An excellent, affecting, and illuminating portrait of a singular musical artist
3 February 2016 | by (The Last New Jersey Drive-In on the Left) – See all my reviews

Clarence Reid first established himself as a singer, songwriter, and producer of perfectly acceptable and respectable mainstream commercial R&B fare in the 1960's and 1970's, but it was as his outrageously crude, lewd, and rude alter ego of proto-rapper and parodist Blowfly whereby Reid made his most strong and lasting impression as one hell of a colorful and hilariously raunchy dude.

This documentary follows Reid and his band as they embark on a grueling tour in which they largely perform at seedy half empty dives before going to Europe in an attempt to introduce Blowfly to a new younger crowd.

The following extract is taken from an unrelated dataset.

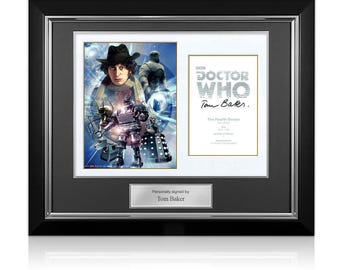 Tom Baker Signed Doctor Who Poster. Deluxe Frame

Frequently butting heads with concerned, but long-suffering manager and drummer Tom Bowker, this doc doesn't shy away from showing Reid in a warts'n'all manner in which he occasionally comes across as an impatient and cantankerous old grump complete with a bum knee, money problems (Reid doesn't make any royalties from various musical artists who sample his song due to the fact that he sold his catalog for a pittance in 2003), and estranged children from a failed marriage. It's the way this documentary's incisive fly-on-the-wall perspective depicts the still sharp sick humor and wounded humanity of Reid which in turn makes it so touching and involving. Moreover, it's a treat to see such rap icons as Ice-T and Chuck D. give Reid the props that he richly deserves as a true pioneer in the rap music genre (Reid's song "Blowfly's Rapp" has been widely cited as the first ever known instance of a rap song in existence). Of course, the footage of Blowfly performing his uproariously nasty numbers on stage is every bit as gut-busting as one would hope, but it's the underlying sense of tragedy and melancholy just below the surface of all that bawdy fun that enables this documentary to be so much more than some fawning puff piece on Reid and his unique place in music history.